Dataset entries:
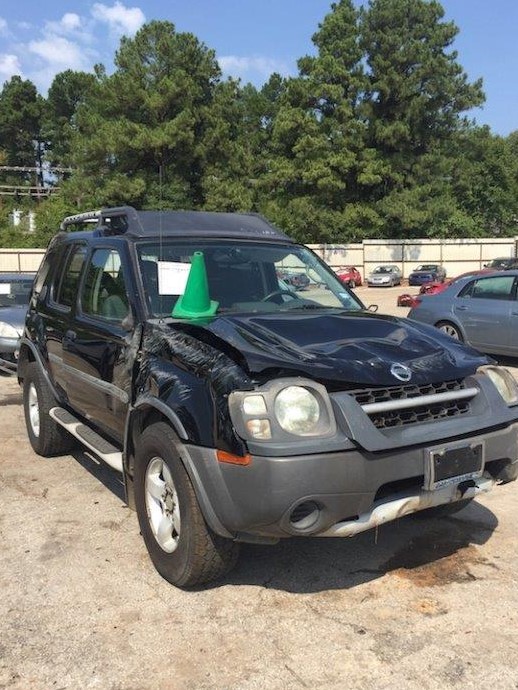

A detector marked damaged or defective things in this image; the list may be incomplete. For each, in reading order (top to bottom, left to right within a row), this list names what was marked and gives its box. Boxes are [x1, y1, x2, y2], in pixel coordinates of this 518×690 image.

damaged black suv [18, 206, 518, 584]
dented hood [177, 308, 490, 384]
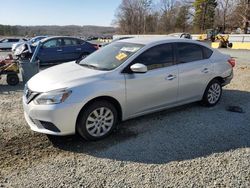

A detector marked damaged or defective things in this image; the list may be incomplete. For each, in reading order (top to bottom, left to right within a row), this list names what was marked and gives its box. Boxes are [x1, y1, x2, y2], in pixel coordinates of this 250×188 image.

damaged vehicle [14, 36, 97, 65]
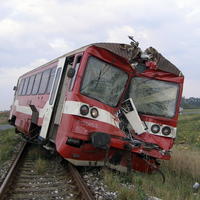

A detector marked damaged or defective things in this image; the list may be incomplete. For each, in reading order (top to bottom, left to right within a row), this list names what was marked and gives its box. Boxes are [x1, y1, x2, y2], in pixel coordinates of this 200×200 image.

damaged red railcar [9, 38, 184, 172]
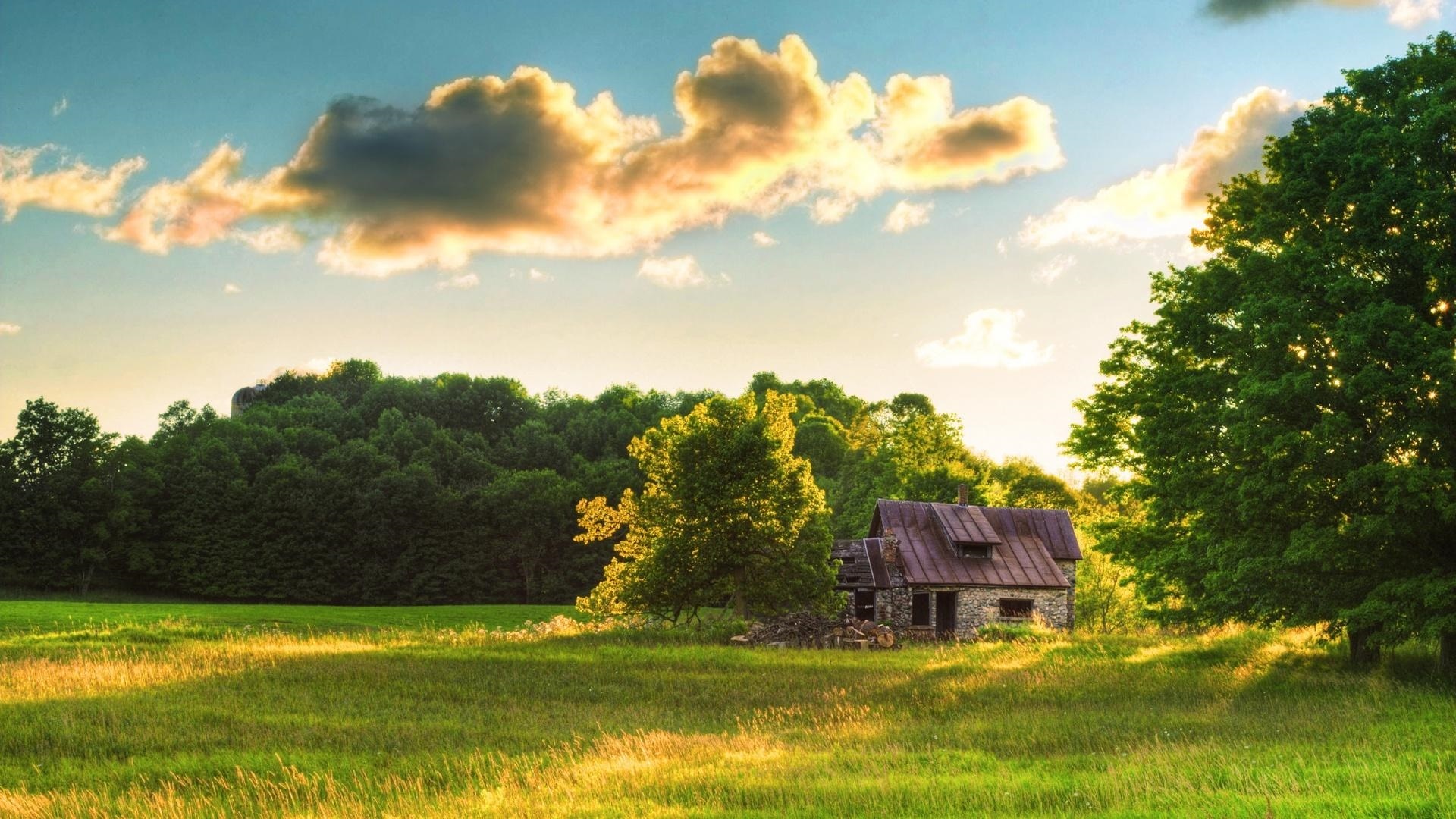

Exercise directions →
Repeat word for word the lines starting at the one with "this 200×200 image." and ending at the final line of the records above, both included; no pictures.

Exercise result →
A detector marked damaged or defective things in this image; the list may be incomplete. For each, in reading order (top to bottom, left to right within a row), this list names what was marked and gives its box. Boxes are [x1, y1, x2, y2], in pixel coordinates of this 200×200 image.

damaged red railcar [9, 38, 184, 172]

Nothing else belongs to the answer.